As the novel progresses, then, we like Nick less and less, while poor, sad Amy emerges as a tragic heroine. But around the halfway mark, there is a volte-face and suddenly we realise that everything we thought we knew about Amy and Nick is, at best, skewed, and at worst, an outright lie. If you like unreliable narrators--and I do--you will really enjoy Gone Girl. Nick's deceptions are perhaps less surprising, because he's trying to seem like a good guy. Oh, yeah, I forgot to tell you about this whole, incriminating part of my life, he mentions some 100 pages in. Somehow, though, diaries--especially the diaries of beautiful, sympathetic missing women--hold certain expectations of authenticity. After all, if you are the only person reading your diary, why wouldn't you be honest? It is a nice touch that the reader begins to discover how nothing is as it seems at the same moment as Nick does. Naturally, it makes him more likable.

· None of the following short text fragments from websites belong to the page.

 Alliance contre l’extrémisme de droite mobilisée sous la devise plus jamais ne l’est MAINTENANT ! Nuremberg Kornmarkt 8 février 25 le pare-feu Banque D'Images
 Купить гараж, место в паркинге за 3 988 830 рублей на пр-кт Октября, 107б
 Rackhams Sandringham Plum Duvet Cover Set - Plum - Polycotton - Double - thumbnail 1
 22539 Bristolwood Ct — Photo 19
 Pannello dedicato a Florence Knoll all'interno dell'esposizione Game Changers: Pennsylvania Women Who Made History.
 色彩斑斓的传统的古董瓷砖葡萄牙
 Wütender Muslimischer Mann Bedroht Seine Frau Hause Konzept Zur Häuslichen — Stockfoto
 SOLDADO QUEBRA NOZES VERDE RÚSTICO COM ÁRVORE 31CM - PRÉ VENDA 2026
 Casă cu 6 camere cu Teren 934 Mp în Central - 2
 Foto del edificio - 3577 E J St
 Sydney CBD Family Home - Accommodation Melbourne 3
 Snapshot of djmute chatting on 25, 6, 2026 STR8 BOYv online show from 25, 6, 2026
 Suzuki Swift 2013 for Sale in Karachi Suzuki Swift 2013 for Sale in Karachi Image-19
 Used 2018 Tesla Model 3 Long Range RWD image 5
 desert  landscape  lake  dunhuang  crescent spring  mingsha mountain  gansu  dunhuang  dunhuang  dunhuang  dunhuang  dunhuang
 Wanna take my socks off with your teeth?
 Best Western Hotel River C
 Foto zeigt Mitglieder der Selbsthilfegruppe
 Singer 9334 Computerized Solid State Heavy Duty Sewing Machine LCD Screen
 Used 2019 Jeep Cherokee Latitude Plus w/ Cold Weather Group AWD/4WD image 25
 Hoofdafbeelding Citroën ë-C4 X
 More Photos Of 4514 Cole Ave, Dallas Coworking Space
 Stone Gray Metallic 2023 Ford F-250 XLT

There's a touch of Who's Afraid of Virginia Woolf, a dash of Fatal Attraction and a hefty dose of Southern Noir to Gone Girl. It's a compelling, well-written manifesto of secrets, lies, love, hatred, and the difficulty of truly knowing another person. In some ways, it has the classic crime thriller structure--and maybe, to some extent, even the same structure of a romance, although not necessarily a happy one--but it is so much more interesting than the likes of Harlan Coben and Michael Connelly (which I also enjoy). Amy and Nick aren't always likable but they are engaging and I enjoyed the constant editing of their relationship, or what we thought we knew about their relationship. Read Gone Girl: it's really good and I think it will appeal to both men and women; just don't expect a very light-hearted read.